The instrument was packed into the cargo bay of an Ariane 5 rocket that blasted off from the European Space Agency’s launch base in French Guiana at 12.20pm on Saturday.

Nasa planned to for it to be released from the French-built rocket after a 26-minute ride into space, before spending a month coasting towards its destination in solar orbit about a million miles from Earth – roughly four times more distant from this planet than the moon.

The launch had been scheduled for Christmas Eve but a forecast of high-level winds at the spaceport forced it to be postponed.

First, the telescope’s enormous mirror and sunshield need to unfurl, having been folded origami-style to fit into the rocket’s nose cone. Scientists hope that will allow the observatory to peer back in time 13.7bn years – to a point within a mere 100m years of the big bang.

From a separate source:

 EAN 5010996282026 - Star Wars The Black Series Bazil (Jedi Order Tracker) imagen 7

The telescope’s showpiece is a gold-plated mirror more than 6.5 metres (21 feet) across. Protecting the observatory is a wispy, five-layered sunshield, vital for keeping the light-gathering mirror and heat-sensing infrared detectors at subzero temperatures.

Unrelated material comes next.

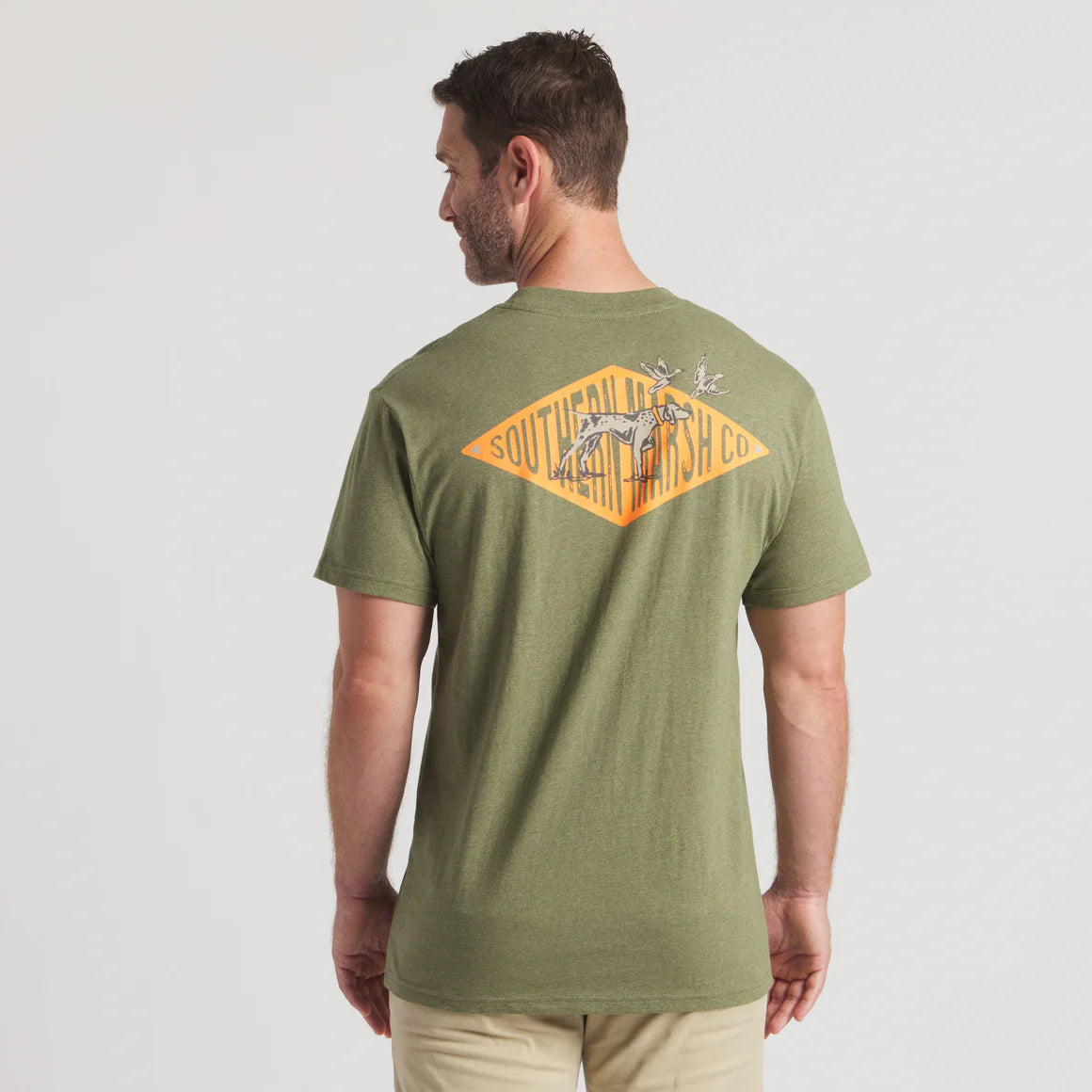 Southern Marsh Classic Pointer Tee AP1T WDG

“It’s going to give us a better understanding of our universe and our place in it: who we are, what we are, the search that’s eternal,” Nasa administrator Bill Nelson said earlier this week. But he cautioned: “When you want a big reward, you have to usually take a big risk.”

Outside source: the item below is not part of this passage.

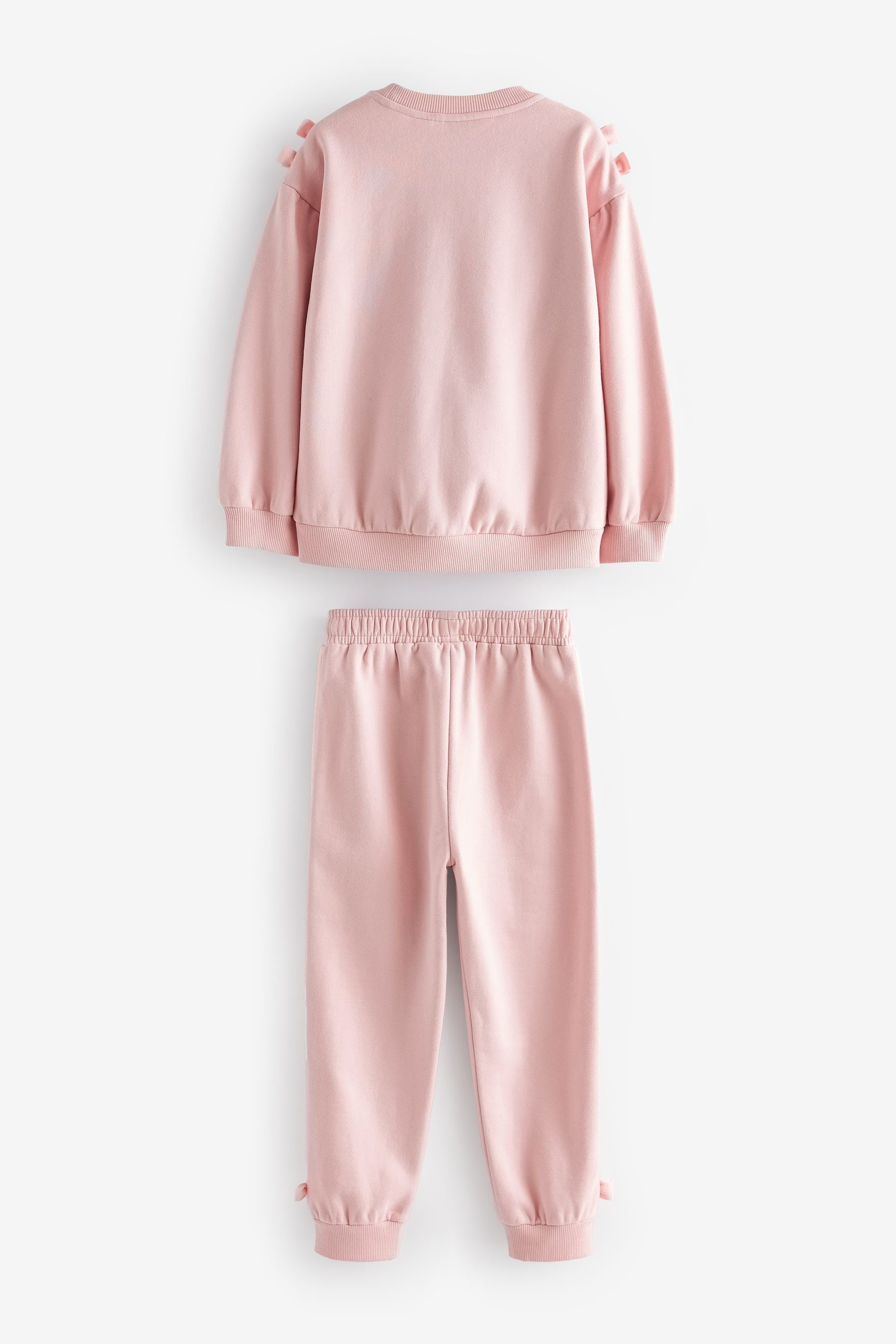 Baker by Ted Baker 100% Cotton Bow Sweater & Joggers Set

Teams monitor the countdown to the launch of the Ariane 5 rocket.
Teams monitor the countdown to the launch of the Ariane 5 rocket. Photograph: Nasa/Bill Ingalls/Getty Images

Thousands of people from 29 countries have worked on the project since the 90s. With the launch falling on Christmas amid a global surge in Covid cases, there were fewer spectators at the launch site than expected.

Around the world, astronomers had eagerly waited to see Webb finally taking flight after years of setbacks. Last-minute technical snags bumped the launch nearly a week, then gusty wind pushed it to Christmas. Inside launch control, there was a smattering of Santa hats.

“We launch for humanity this morning,” Arianespace’s chief executive Stéphane Israël said minutes before liftoff. “After Webb, we will never see the skies in quite the same way.”